What the task requires =
For this exercise, return only the lines in the records below from the one holding "某服装生产企业原料仓管员职位说明书" through the one holding "Courbe de tempratures pour Carpentras (84)", including both, exactly as they appear and without pictures.

Dataset extract =
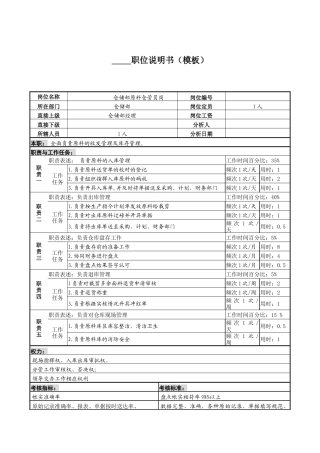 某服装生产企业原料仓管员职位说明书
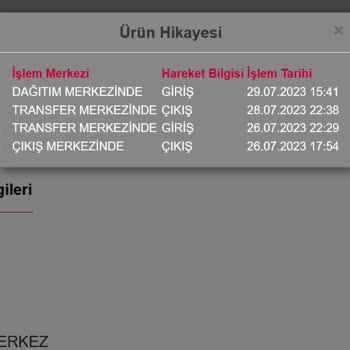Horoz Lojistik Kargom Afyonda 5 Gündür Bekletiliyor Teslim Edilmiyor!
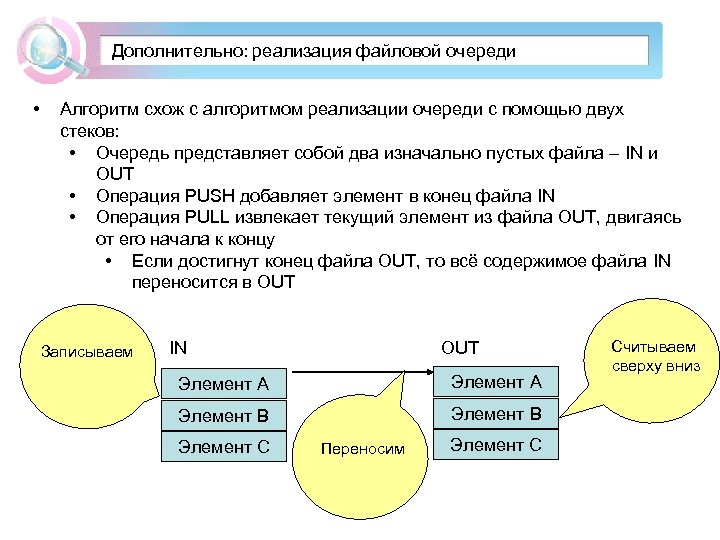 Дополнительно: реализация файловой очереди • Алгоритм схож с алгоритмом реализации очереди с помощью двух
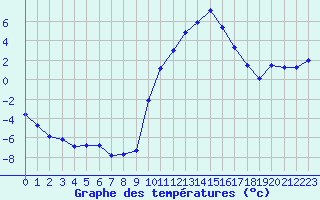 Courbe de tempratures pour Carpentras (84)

* * *

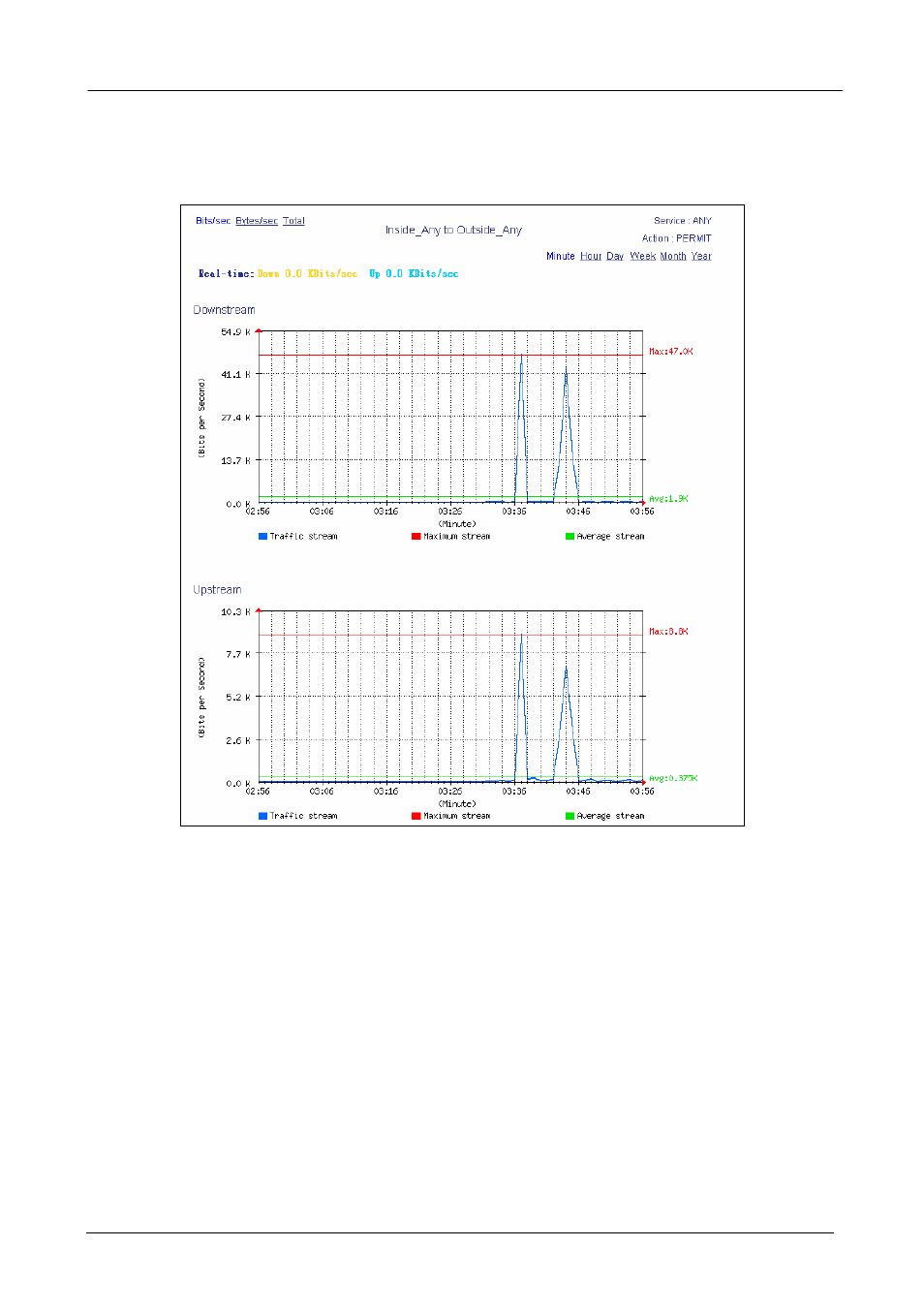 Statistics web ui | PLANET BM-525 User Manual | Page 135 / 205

Exercise answer =
 某服装生产企业原料仓管员职位说明书
Horoz Lojistik Kargom Afyonda 5 Gündür Bekletiliyor Teslim Edilmiyor!
 Дополнительно: реализация файловой очереди • Алгоритм схож с алгоритмом реализации очереди с помощью двух
 Courbe de tempratures pour Carpentras (84)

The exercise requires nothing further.